June 17, 2021by AP Staff Report
Biden, Putin Discuss Ambassadors, Nuclear Weapons and More
U.S President Joe Biden, left, and Russian President Vladimir Putin walk in a hall during their meeting at the 'Villa la Grange' in Geneva, Switzerland in Geneva, Switzerland, Wednesday, June 16, 2021. (Mikhail Metzel/Pool Photo via AP)

Presidents Joe Biden and Vladimir Putin of Russia spent more than three hours discussing issues Wednesday at their summit in Geneva. They ticked through their respective lists so quickly and in such “excruciating detail,” Biden says, that they looked at each other and thought, “OK, what next?”

The most pressing issues the leaders discussed:

AMBASSADORS

Biden and Putin agreed to return their respective ambassadors to Washington and Moscow in a bid to improve badly deteriorated diplomatic relations between their countries. 

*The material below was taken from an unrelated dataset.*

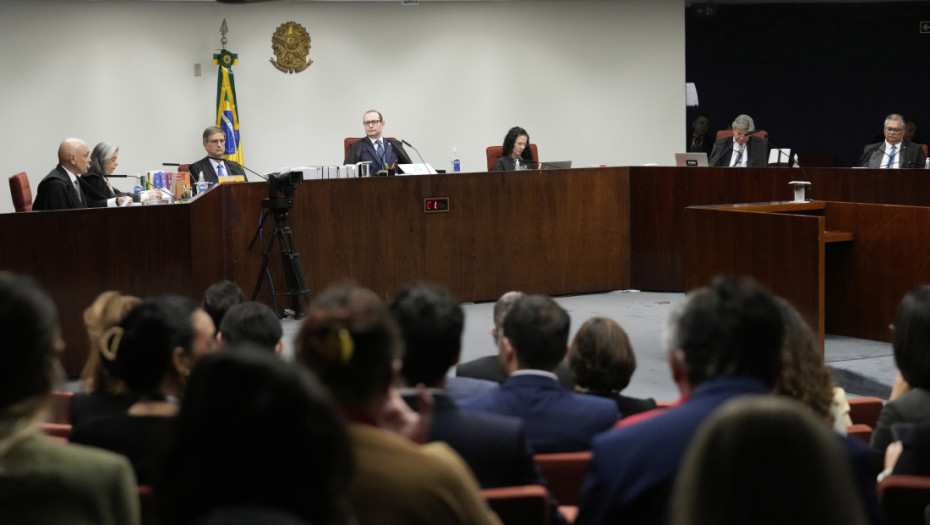 Bolsonaro pred Vrhovnim sudom: Prvi proces u istoriji Brazila za pokušaj rušenja demokratije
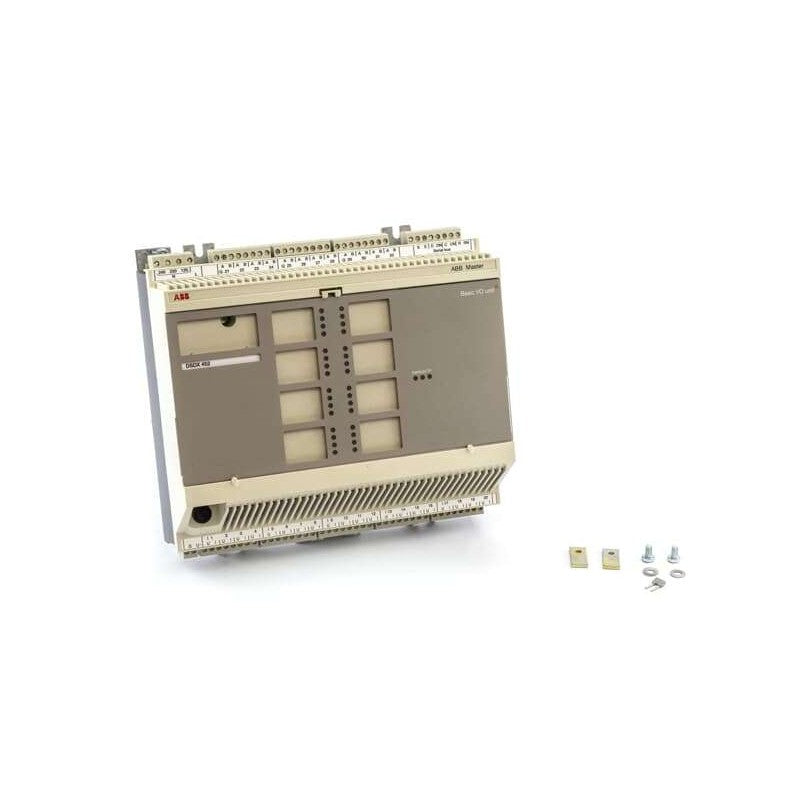 Abb DSDX 452L Remote In/Out Basic Unit for Efficient Control and Monitoring Main image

Russia’s ambassador to the United States, Anatoly Antonov, left Washington in March amid a row after Biden called Putin a killer in a television interview and imposed new sanctions on Russia over its treatment of opposition figure Alexei Navalny. 

John Sullivan, the U.S. ambassador to Russia, flew out of Moscow in April after public suggestions from Russian officials that he should leave to mirror Antonov’s departure.

Both ambassadors were present at Wednesday’s summit.

Putin also said the Russian foreign ministry and the U.S. State Department would begin consultations on other vexing diplomatic issues, including the closures of consulates in both countries and the employment status of Russian citizens working for U.S. missions in Russia.

A senior Biden administration official said Sullivan is likely to return to Moscow next week. A different senior administration official said both governments had begun discussing consulate and local staff issues and the hope was an agreement could be reached in the next two months. 

Neither administration official was authorized to comment publicly by name and both spoke on condition of anonymity.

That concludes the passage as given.